Records for processing:

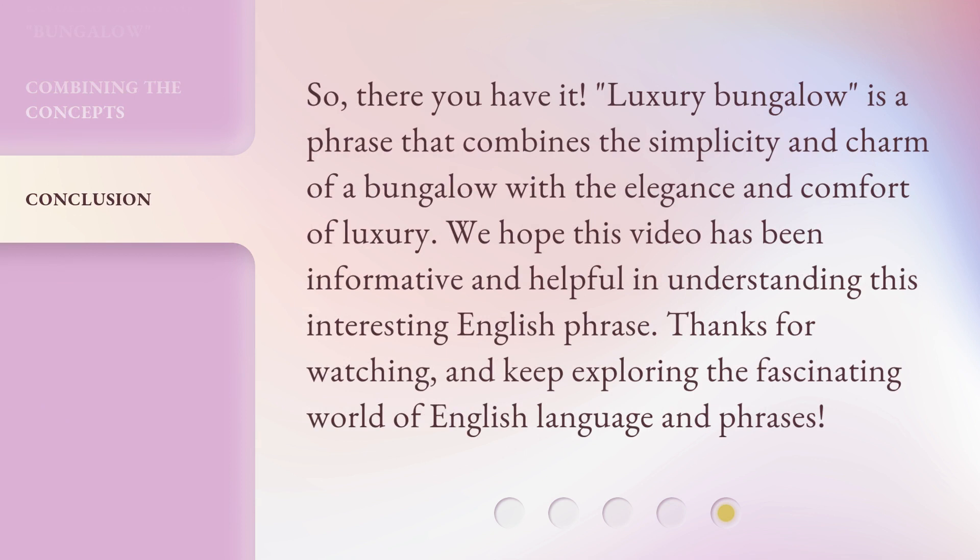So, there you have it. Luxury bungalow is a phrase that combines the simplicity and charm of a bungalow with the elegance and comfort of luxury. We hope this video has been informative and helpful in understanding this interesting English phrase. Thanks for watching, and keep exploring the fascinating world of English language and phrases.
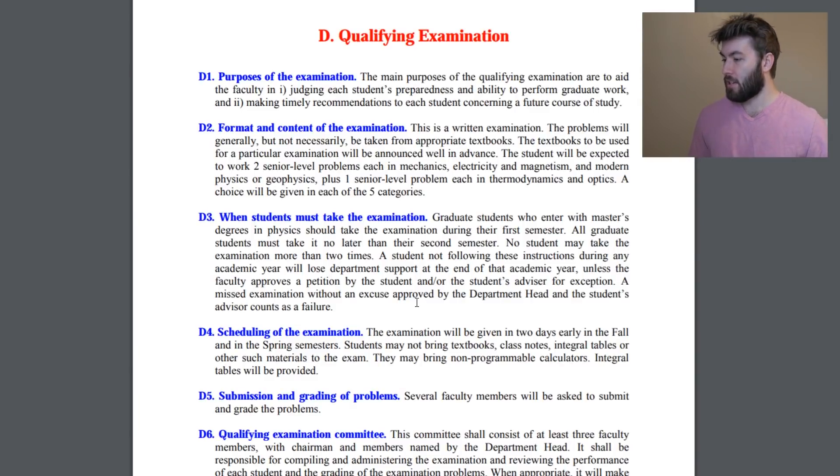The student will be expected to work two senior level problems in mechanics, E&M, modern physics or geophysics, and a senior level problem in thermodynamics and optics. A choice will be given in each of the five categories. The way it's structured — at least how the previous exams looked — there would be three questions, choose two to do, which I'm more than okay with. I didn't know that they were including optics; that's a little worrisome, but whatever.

--

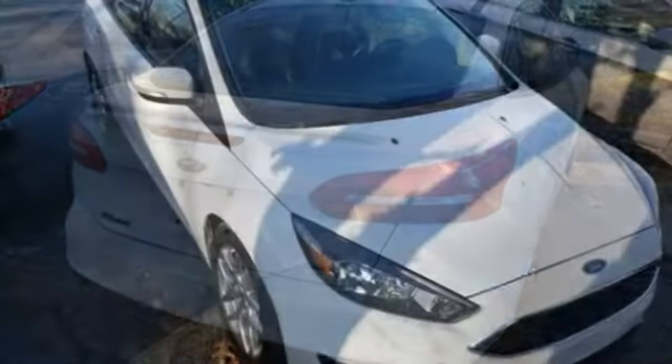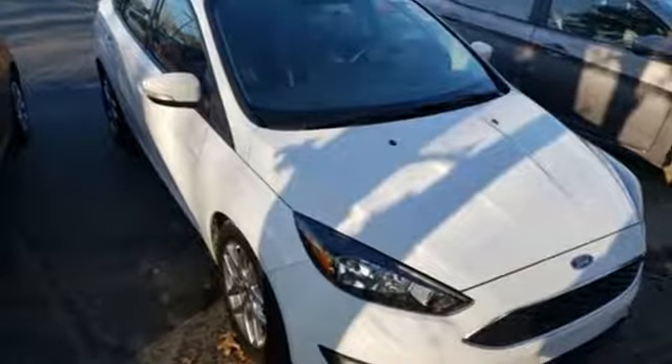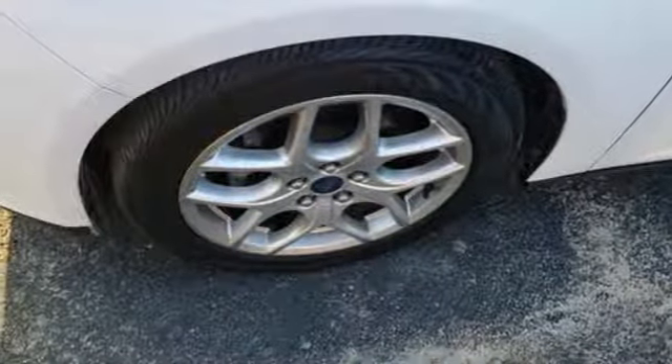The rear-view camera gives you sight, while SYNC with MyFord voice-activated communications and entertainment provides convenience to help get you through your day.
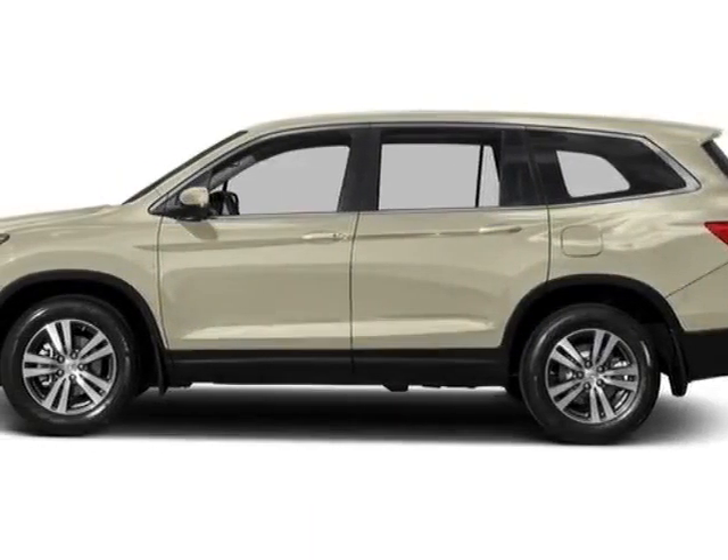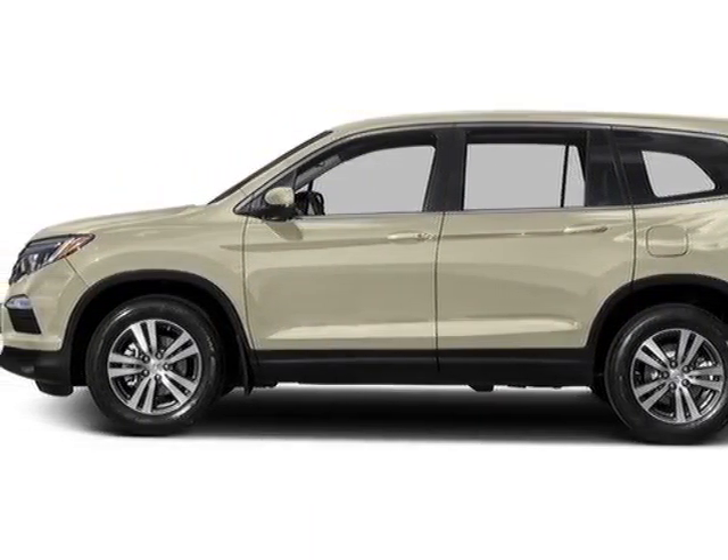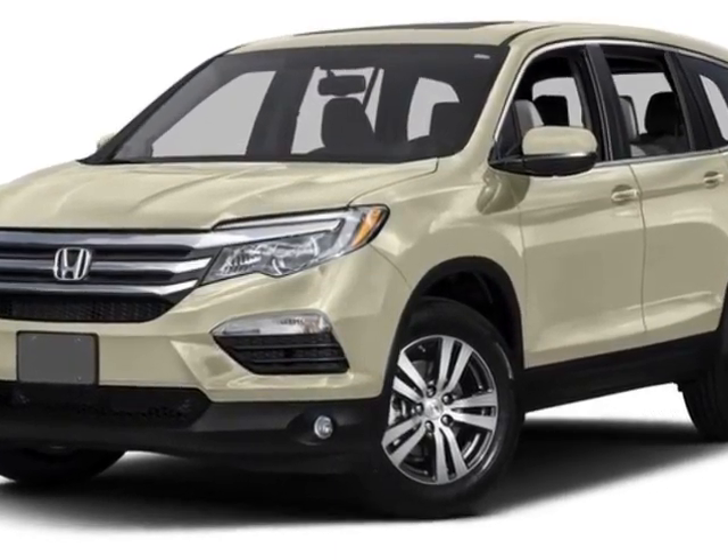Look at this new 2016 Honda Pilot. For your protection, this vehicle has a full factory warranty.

Exercise: Look above for the line containing "So, there you" and the line containing "The student will", then reproduce both and everything between them exactly, pictures omitted.

Answer to the problem:
So, there you have it. Luxury bungalow is a phrase that combines the simplicity and charm of a bungalow with the elegance and comfort of luxury. We hope this video has been informative and helpful in understanding this interesting English phrase. Thanks for watching, and keep exploring the fascinating world of English language and phrases.
The student will be expected to work two senior level problems in mechanics, E&M, modern physics or geophysics, and a senior level problem in thermodynamics and optics. A choice will be given in each of the five categories. The way it's structured — at least how the previous exams looked — there would be three questions, choose two to do, which I'm more than okay with. I didn't know that they were including optics; that's a little worrisome, but whatever.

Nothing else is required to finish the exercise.